When we look backward, we become trapped in our past successes and failures. We may be proud of what we have accomplished, but we may also be haunted by the mistakes we have made. We may be tempted to rest on our laurels and feel that we have already made our mark on the world. However, this kind of thinking can be misleading, as it can prevent us from moving forward and making even greater contributions.

Instead, we should focus on the present and the future. We should think about what we can do to make a positive impact on others right now and in the years to come. This means investing our time and resources in projects and initiatives that have the potential to change people’s lives for the better. We should seek out opportunities to mentor and inspire others, to give back to our communities, and to contribute to causes that we are passionate about.  We all have people who are in our story – people who have changed our lives. And yet, the most important thing in leaving a legacy in the world is – whose story are we in?  Whose life have we changed for the better?

When we take this approach, we can be confident that our legacy will be one of positive change and impact. We will be remembered not just for what we have accomplished, but for the lives we touched and the people we inspired. We will be remembered as leaders, visionaries, and advocates for change.

Of course, looking forward does not mean that we should forget about the past entirely. We can learn valuable lessons from our experiences, both good and bad, and use those lessons to guide our future actions. But we should not allow our past to define us or limit our potential. Instead, we should use it as a springboard to even greater achievements.

Legacy is not just about what we have done, but what we will do in the future. We should look forward with optimism and a commitment to making a positive impact on the world. By doing so, we can leave a lasting legacy that inspires others and makes the world a better place.

Richard Branson on Legacystring(25) "Richard Branson on Legacy"

I had an opportunity to go back to Necker Island this month where I spent the better part of a week talking to Richard Branson.  I asked my followers on social media to suggest questions that I could ask Richard and the one that I chose to focus on was about his legacy.  Specifically, what is the legacy that he feels he will leave behind?  

My impression of Richard is that he is not one to mull over his legacy in the world. That said, he is one to contemplate the impact that he has had on the people around him.

Surprisingly, the first thing he spoke about when I brought up the topic was his family.  In the end,” he said, “it is about your children and your family.  How you brought your children up and how they live on in your name is an important part of your legacy.”  I asked him for an example of how he did that with his children when they were young and he spoke about the family dinner table discussions.  He said, “it’s so much more interesting if you can throw out a discussion with kids and have a dinner table debate on the issue.”  He said that he “wanted them to learn about what’s going on in the world and most people don’t do that.”  For him, it was a way to guide and coach his children about issues in his community and the world and that learning is an important legacy to carry on.   

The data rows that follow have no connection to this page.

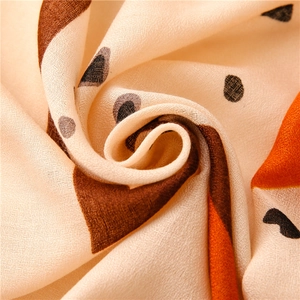 Macro texture of a lightweight beige shawl featuring orange and brown geometric patterns
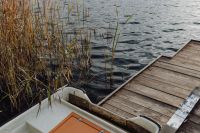 Kaboompics - Small Boat Beside a Weathered Wooden Dock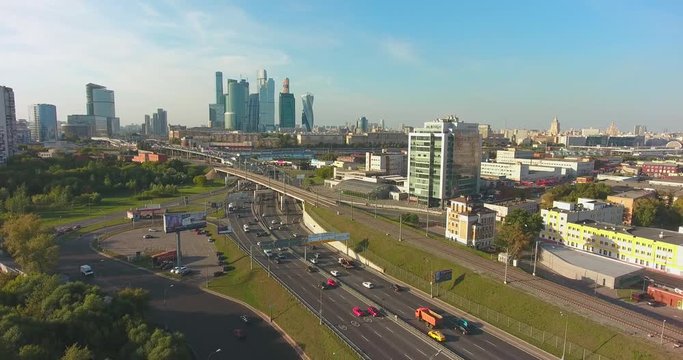 Moscow, Russia. Flight over Moscow - Skyscrapers of Moscow, highway and railway. Aerial flights. UltraHD 4K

My experience of Richard is that he lives his life to the fullest.  Every day on the island he would swim a lap or kite sail around the entire island.  Then, he might go to a nearby island to ride his bike.  In fact, he just had a nasty bike accident as I am writing this blog where he thought he might have broken his hip.  Luckily, he did not. I private messaged him on our What’s App group saying: “I am so glad you are ok.  I’d suggest you slow down a bit but I do NOT think that phrase is in your vocabulary.”   The rest of the private What’s App group seemed to agree with that assessment.    

Also during the conversation with Richard about his legacy, he spoke about the planet and the need to reduce our carbon footprint whenever possible.  He described in detail how Necker Island was now virtually carbon neutral with a solar-panel powerplant covering a large portion of the island along with three massive windmills up on the hill supplying energy to the island.

He once told an interviewer that that “with extreme wealth comes extreme responsibility. And the responsibility for me is to invest in creating new businesses, create jobs, employ people, and to put money aside to tackle issues where we can make a difference.”

Richard said that “you must be driven by a purpose that is greater than yourself. I’d like to think I’ve lived a full life and made a difference but in the end, it’s about how you brought up your children and how they live on in your name.”